The most important impetus, though, are the strong links between two EU countries.
“Ireland is trendy now. A lot of young Italians go there,” Calvo said.
He first visited Ireland many years ago, and became friendly with Irish visitors to Rome from the early 1980s on. One was Marie Keane, a student of Italian at University College Dublin. Keane, the daughter of garda, wasn’t new to Rome: she first visited the summer she was 15 as the guest of her aunt, a nun.
Then in the 21st century, Calvo and Keane, who’d moved in the same circles for years, fell in love. They got married in Ireland two years ago.
Keane gave up her job teaching high school in a working-class district of Dublin and now teaches a class of seven-year-olds in an international school.
They live in Prati, the quiet neighborhood that helped give Calvo’s pub its name. “John Paul II once said: ‘This area is called Fields, but there aren’t any,'” he recalled.
Keane said that Four Green Fields is not a “local” in the Irish sense: “The whole idea of going out and having several pints is alien to Italians.”
“Italians have very sensible drinking habits. They don’t go out to get drunk,” said Druid’s Den bartender Eve Kelly, a native of Leicester in the English midlands. “Not like Irishmen, Americans or Englishmen, who’ll have a drink every 10 minutes during a match here.
“The Italians will have one per half. Some even make one drink last the whole game,” she said.
“It’s a different philosophy. They’ll have their digestivo, such as grappo, after food,” added McKiernan, her colleague at Druid’s Den.
Even in the new pubs frequented by tourists, the Italian clientele have a different agenda. They are usually in the same peer group as staff members and are often their close friends
“People come in here to meet their friends. You wouldn’t go into a bar on your own,” Keane said. “It not a place where you’d pick someone up.”
Calvo, who has developed the basement as a music venue, said that his pub is also home to fans of AS Roma, a team he doesn’t support because like its rival Lazio, it has fascist tendencies. “The Celtic Cross [an ultra-rightist symbol in parts of Europe] is being seen more at games,” he said. “And Mussolini was a fan of Roma.”
Talk of politics brings the discussion to the economics of running a pub.
Calvo always votes for one of the many left-wing parties, by far the biggest of which is Democratic Left (the main fragment of the former Communist Party). He blamed Prime Minister Silvio Berlusconi for the economic downturn. “He won’t even acknowledge there’s a depression,” he said.
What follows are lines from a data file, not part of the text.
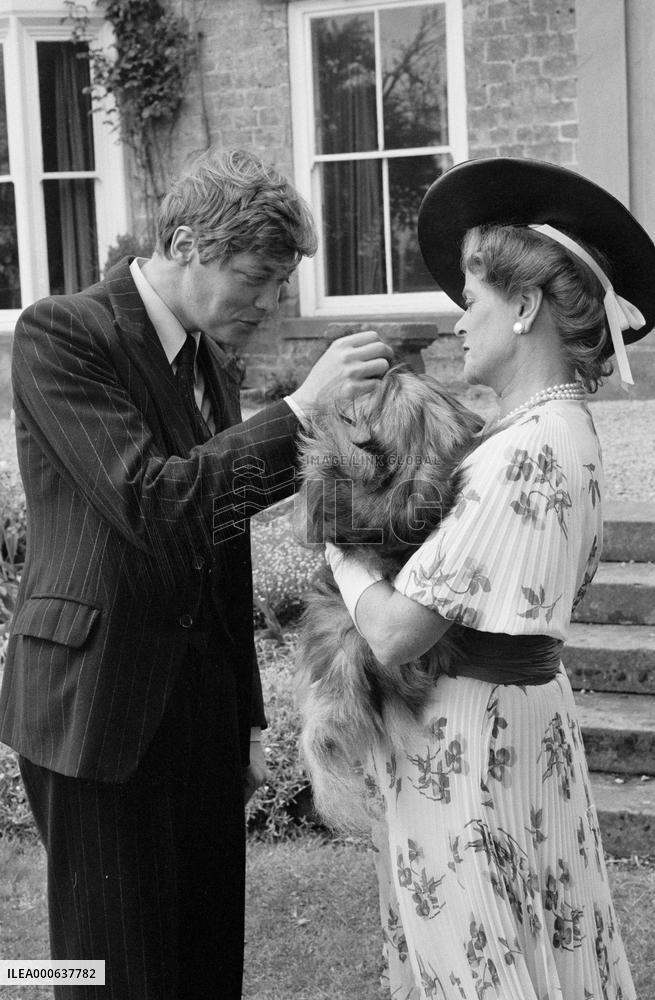 All Creatures Great and Small (1975) Film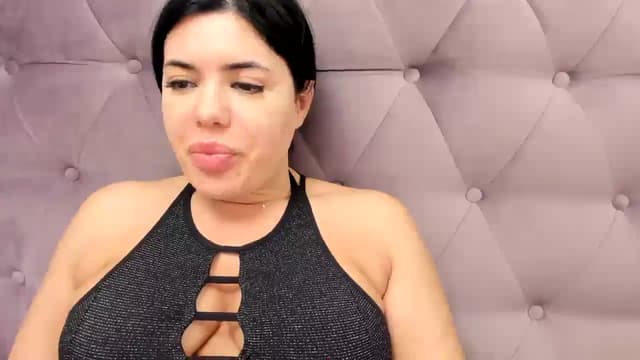 Gallery image thumbnail from Aeena's myfreecams stream on, 02/20/2025, 23:06 image 14 of 20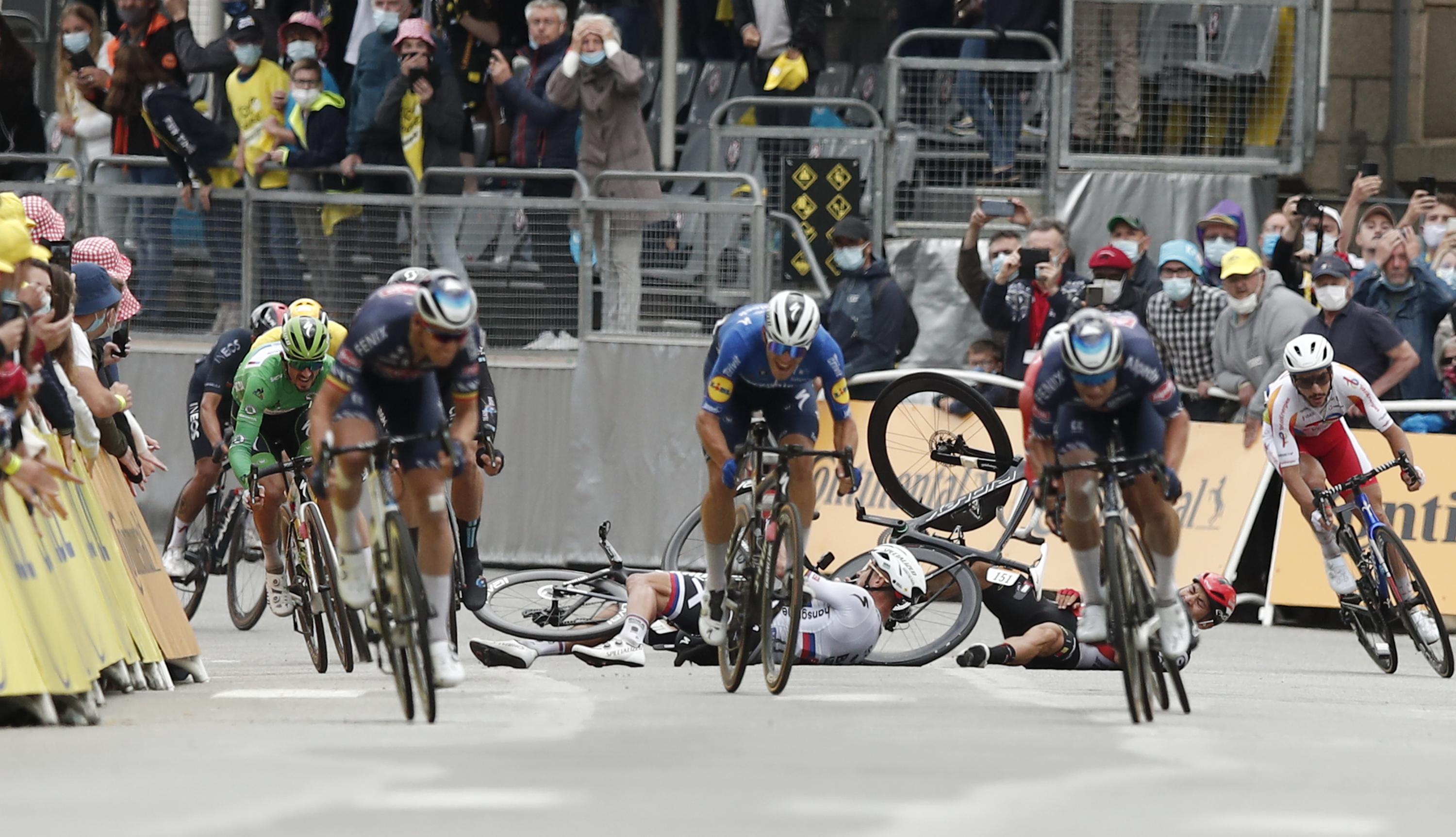 Merler vyhral tretiu etapu Tour de France, pretože najlepší uchádzači váhali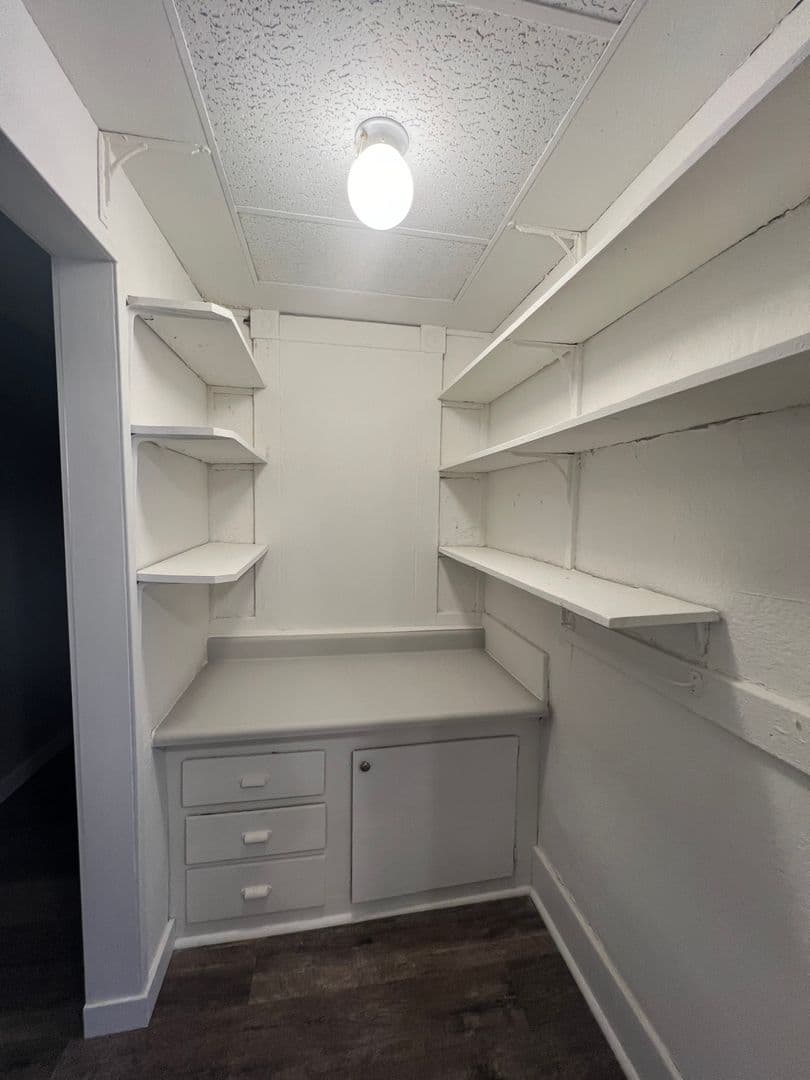 Davenport Apartment: 1322 N Ripley Street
Media mogul Berlusconi got a drubbing in April’s regional elections, something Calvo hopes will be repeated at the next general election.
The return to power of Democratic Left, its Olive Tree coalition and other allies would be good for the pub business, he said.
In bad economic times, “people drink just one beer, instead of two,” he said.
However on a recent evening at Four Green Field, two young women, who were engrossed in conversation at the bar, ordered a pint of Guinness each, then a second round, and finally a third.
“That’s unusual,” Keane said.
It might just be a sign of things to come. In Rome’s 2,500 years as a city of significance, it has often changed very slowly. But change it does.